Hunmanby railway station serves the village of Hunmanby in North Yorkshire, England. It is located on the Yorkshire Coast Line and is operated by Northern Trains who provide all passenger train services. The station opened for traffic on 20 October 1847 and is the point at which the single track section from Bridlington ends, the line being double north of here towards Filey.

As originally built, the line was double throughout but the section to Bridlington was singled as an economy measure in 1973.  Further modernisation work saw the signal box here abolished and removed in 2000, with the level crossing automated and remaining semaphore signals replaced by colour lights operated remotely from Seamer.

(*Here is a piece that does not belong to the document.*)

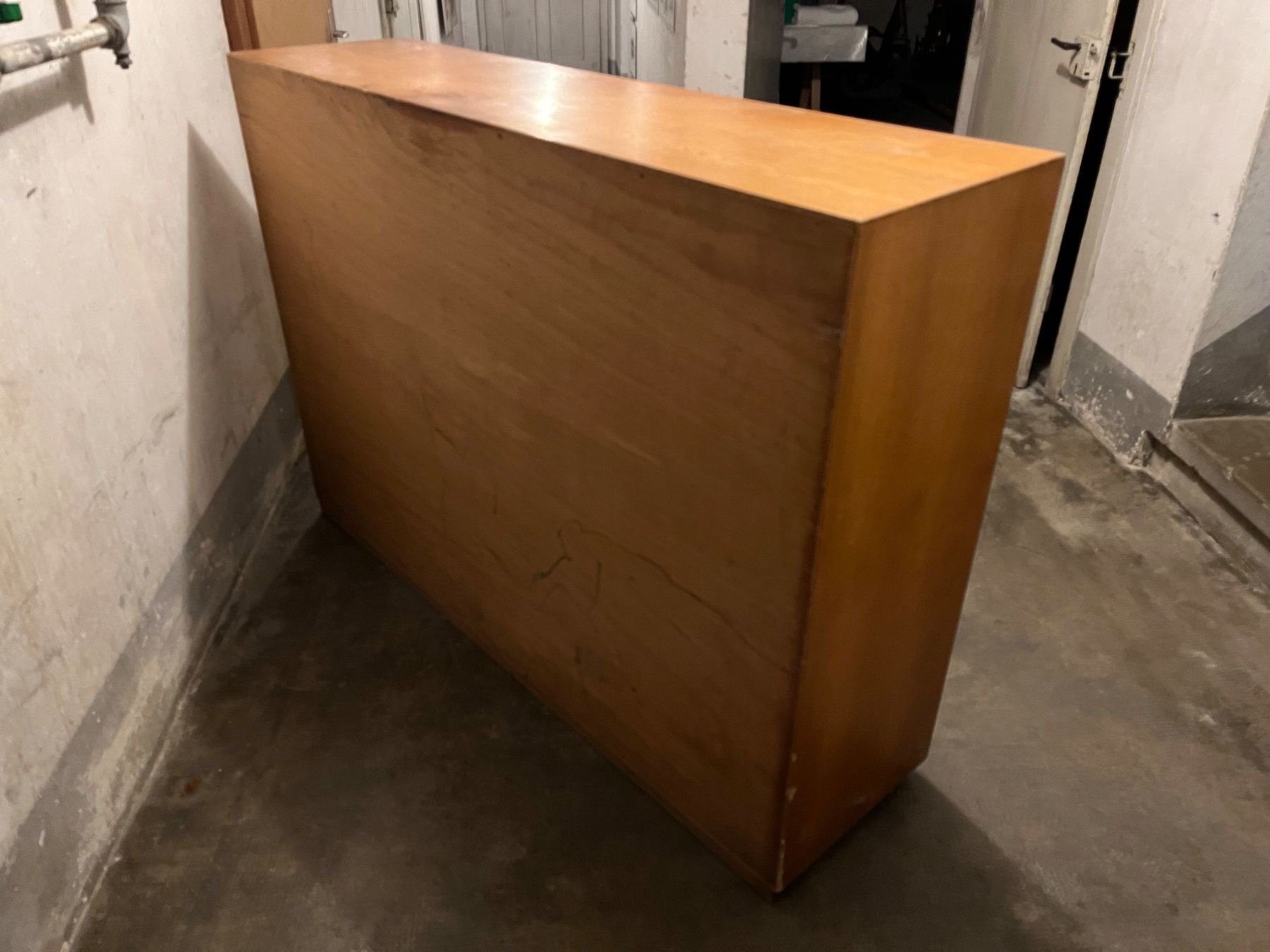 Schränke: Rollladen-Schrank – Gebraucht aus Bern von Iferien 1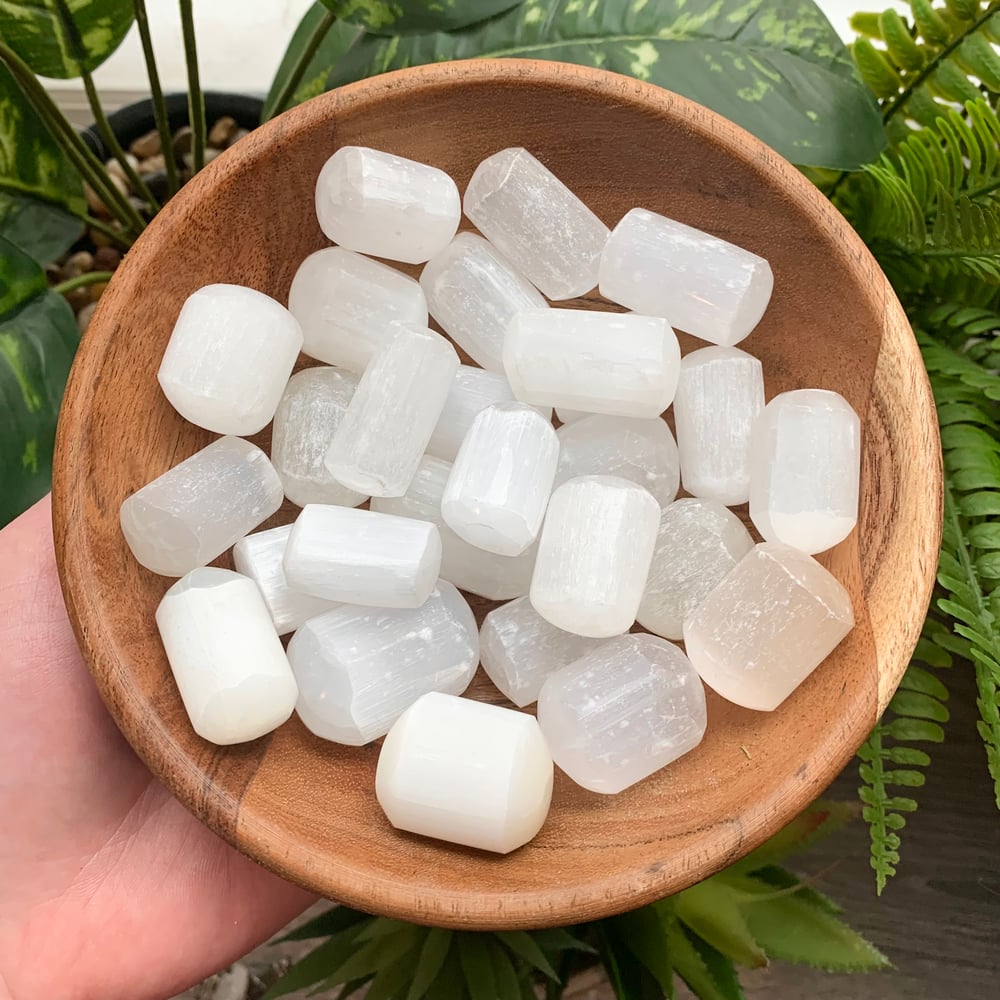Selenite Tumbles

The station is unstaffed and passengers must purchase their ticket on the train. The station buildings remain and are now privately occupied - the main waiting room and the separate ladies' waiting room having been converted to holiday accommodation.  Step-free access is available to both platforms via the automatic level crossing at the south end, whilst train running information can be obtained from timetable posters or telephone.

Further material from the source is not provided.